Atop it is the difficulty of assigning morality to a lot of those choices. Will Smith’s character in I, Robot wanted a child to be saved over himself, but the AI made a mathematically precise decision, which according to Will, wasn’t a morally right one. We encounter such moral dilemmas all the time and somehow make decisions. But how do you train a silicon brain inside a car to judge who to save: a 5-year-old girl or a 75-year-old woman when a collision with either is inevitable. The Trolley problem thought experiment flummoxes even humans. What will AI do in such a situation?
If you calculate in terms of kmph, 791 kms in 40 hours is less than 20 kms per hour. A car on most open, wide highways across the world travels at minimum of four times that speed. Making multiple calculations at 100kmph is completely the opposite of making it at 20kmph.
That is the reason we still do not have fully self-driving cars. Indeed, it is the holy grail for AI that would need a lot of inventions and discoveries in cognitive computing before we crack it. But if we do manage to make a fully autonomous car, it could be the first step in truly figuring out how the human brain works and thus, the first step in going from artificial intelligence, to artificial consciousness.

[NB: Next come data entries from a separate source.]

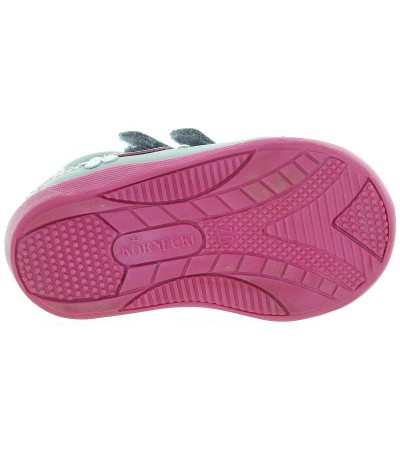 Profiled child shoes with arch support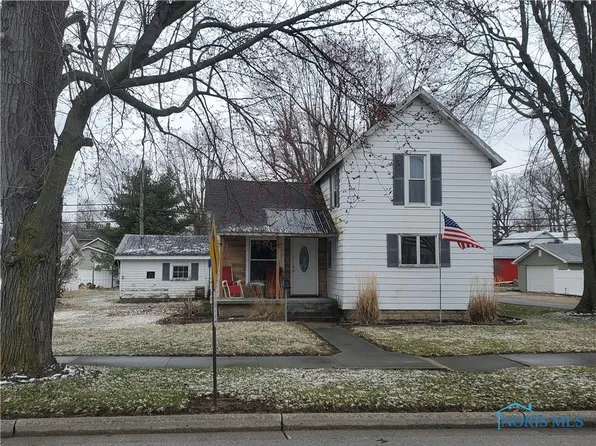 725 Marseilles Ave, Upper Sandusky, OH 43351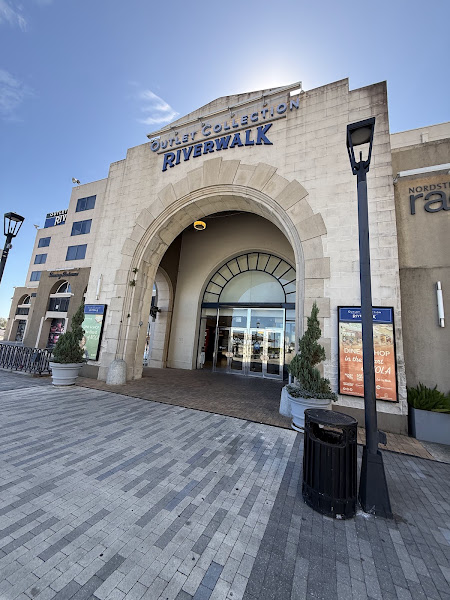 Riverwalk Outlets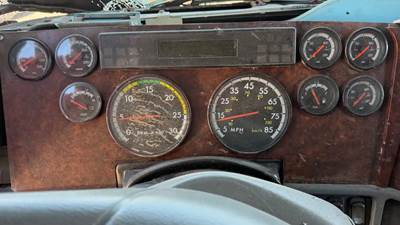 Freightliner Century Class 120 Instrument Panel Cluster for a 2001 Freightliner C120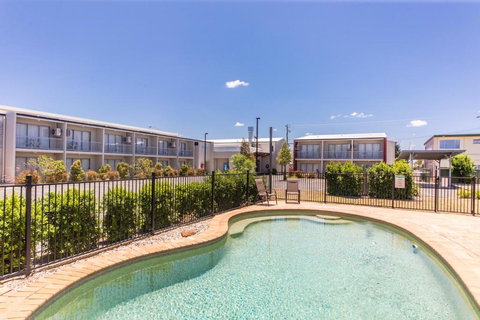 Capella Coach Inn - Darwin Holiday 1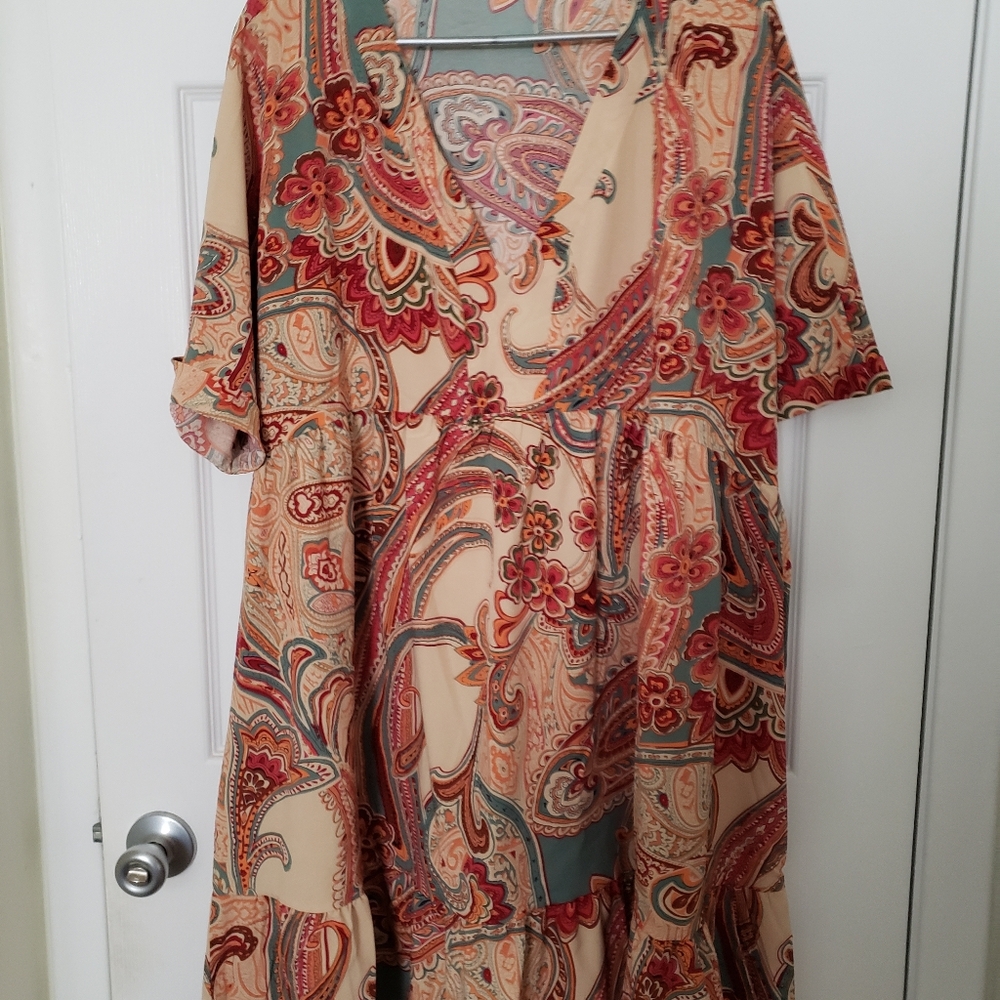 $15 Or Bundle 3 For $35  Pretty Deep V Paisley Boho Dress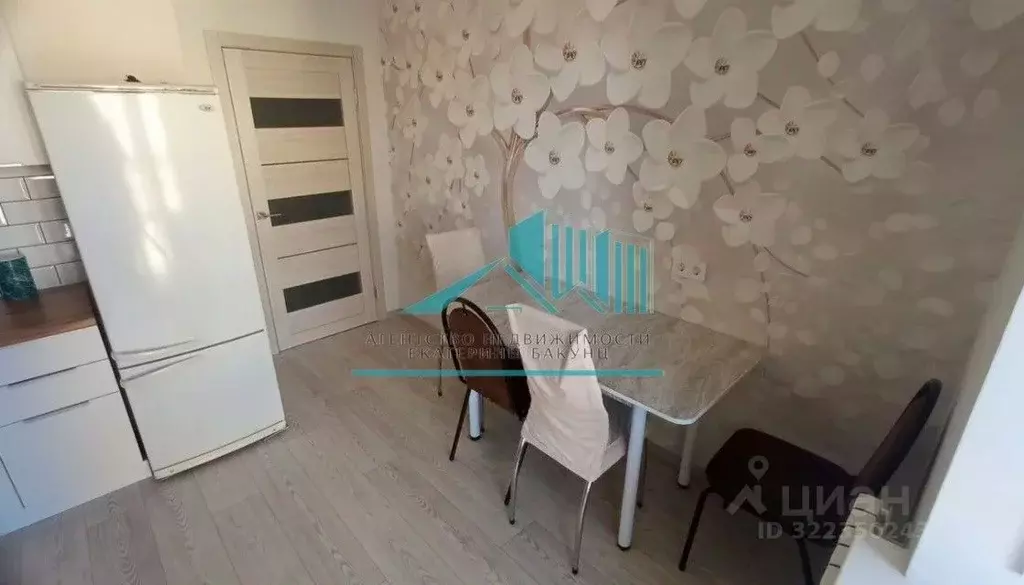 2-к кв. Калужская область, Калуга ул. Хорошая, 7 (68.0 м) - Фото 2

So, what is the future of the autonomous self-driving AI industry? In the not-so-distant future, fully autonomous ships and airplanes driven by systems like Orca AI would become a reality. Fully autonomous cars in well-controlled and structured roads and environments already are. However, to achieve full automation on many roads of the world would take a long time. Perhaps the day a fully autonomous car drives successfully on the chaotic streets of Bangalore, Bombay, and Banaras, is the day we can truly say that AI has reached its final potential, its singularity.